Movie Breakdown: As Above, So Below (Noah)

People are doing traditional-style reviews all over the web, so we decided to try something different.  In each “breakdown” we’ll take a look at what a film’s marketing led us to believe, how the movie actually played, and then what we learned from it all.  Read on!

The Impression:

You know, even though this is a found footage horror film that uses the terror of claustrophobia to once again try and scare the bejeezus out of me, it’s also a horror film, and no matter how strikingly bad it might be, I always love a horror film.

The Reality:

As Above, So Below is a preposterous Disneyland ride.

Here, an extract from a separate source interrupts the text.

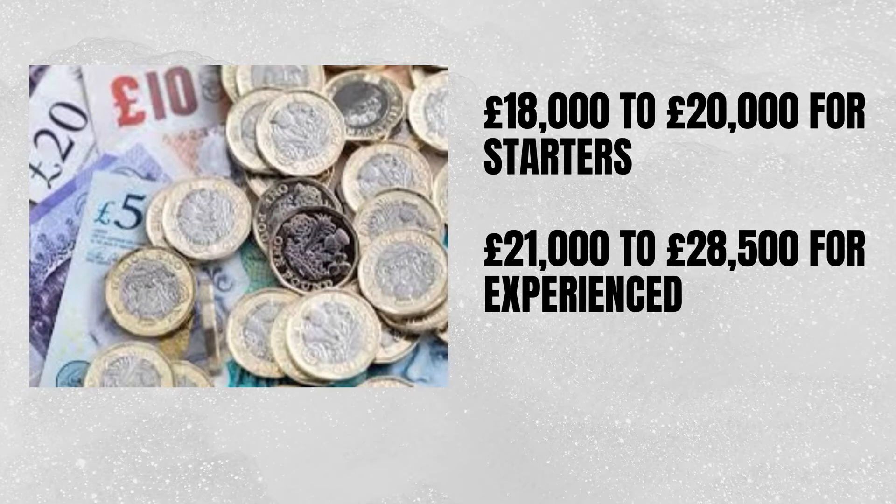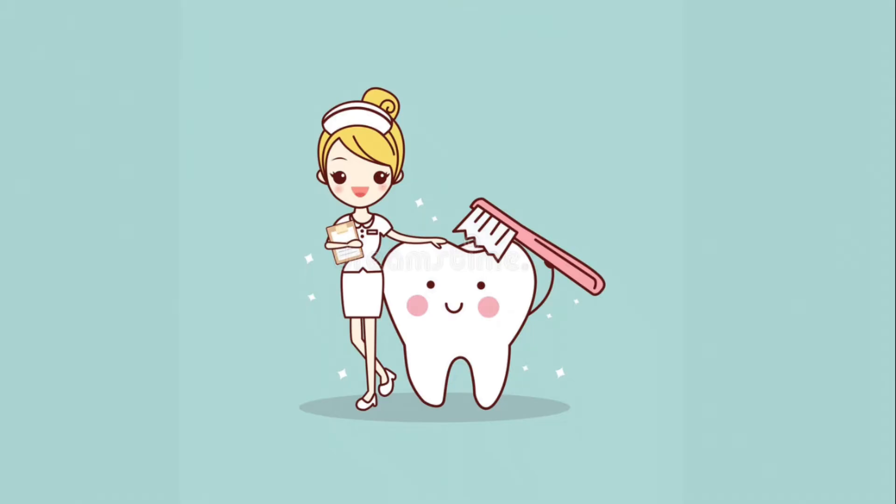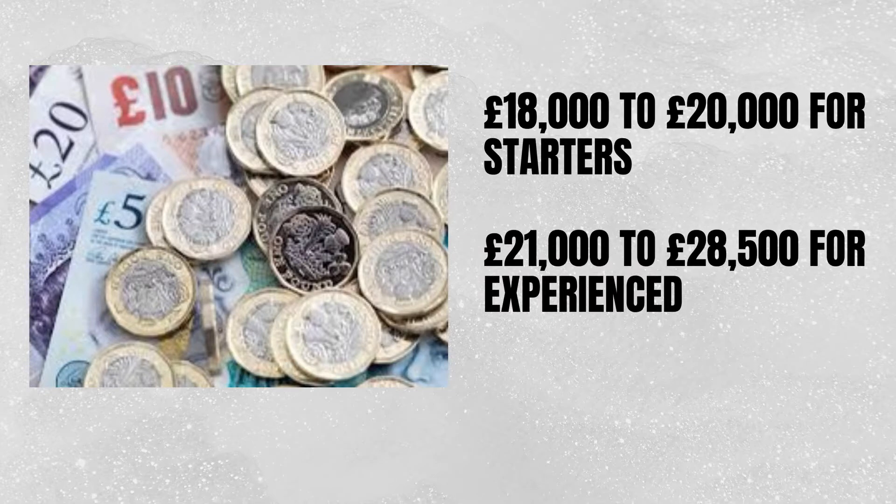Dental nurse salary varies. If you are a trainee, you might get from £18,000 to £20,000 per year. Whereas if you are experienced and have done higher training — for example, a specialist nurse — you might get up to £21,000 to £28,000 per year.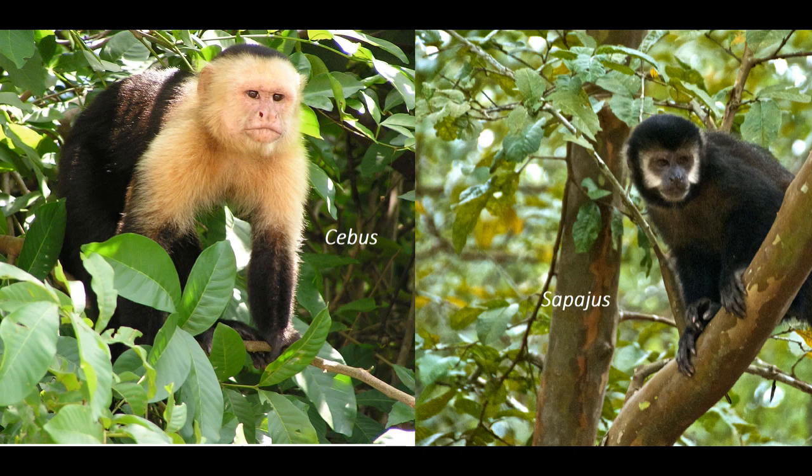Gracile capuchins are monkeys of the genus Cebus. They are widespread across Central and South America. They are separated from their sister genus Sapajus, the robust capuchin monkeys, by the Amazon River, which neither group is able to cross.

If you’ve ever attended a local radio station’s Halloween Haunted House, then you’ve pretty much seen As Above, So Below, but instead of walking around with your stupid drunken friends, you’re walking around with a bunch of other people who, most definitely, are just as stupid, but they brought a camera and between screaming loudly they keep laying on some really thick bullshit about evil, or something. That said, as dumb as As Above, So Below is, and it is really, really, really dumb, it’s still has that haunted house shtick and the Dowdle Brothers manage to milk it for everything it’s worth. The story – part horror, part Indiana Jones, part first-person shooter – revolves around Scarlett (Perdita Weeks), a youthful archaeologist on the quest to find the Philosopher’s Stone that evaded her father, eventually driving him to his death. After a harrowing and nauseating flight through a series of undercover caves in Iran, Scarlet is lead to the Catacombs of Paris where the Philosopher’s Stone supposedly lives. Along the way she picks up a group of French street-rats (one of which, I swear to God, never says a single word the entire film), an ex-boyfriend/Aramaic scholar (Ben Feldman – Ginsberg!) and her erstwhile cameraman Benji (Edwin Hodge). I’m not spoiling anything here, but almost as soon as they get down into the Catacombs, shit starts going real, real bad, and the rest of the movie is an extended flight sequence where the group, a smaller and smaller group, tries to escape. Again, not a great movie, the characters are about as well defined as a pile of rotting, French bones, and their only traits are pinned on them just to give some meaning to events that happen at the end. There’s bad guys that appear and disappear without meaning or cause. Nothing is really that believable in the film – the emotions, the set, the characters in any way, shape or form – and it gives this sort of artifice that gives the stark impression that you are watching people go through a Disneyland ride. Really, really stupid people going through a Disneyland ride. I can’t think of a single decision made in this film that, if I was a part of this group, I would, in any way support. Again, the Dowdle Brothers aren’t trying to make films that stretch your cerebral capacities, they’re just trying to make some, fun, scary horror flicks, and for the most part, this one succeeds at that.

The Lesson:

How come whenever I watch one bad horror film, I only want to watch bad horror films?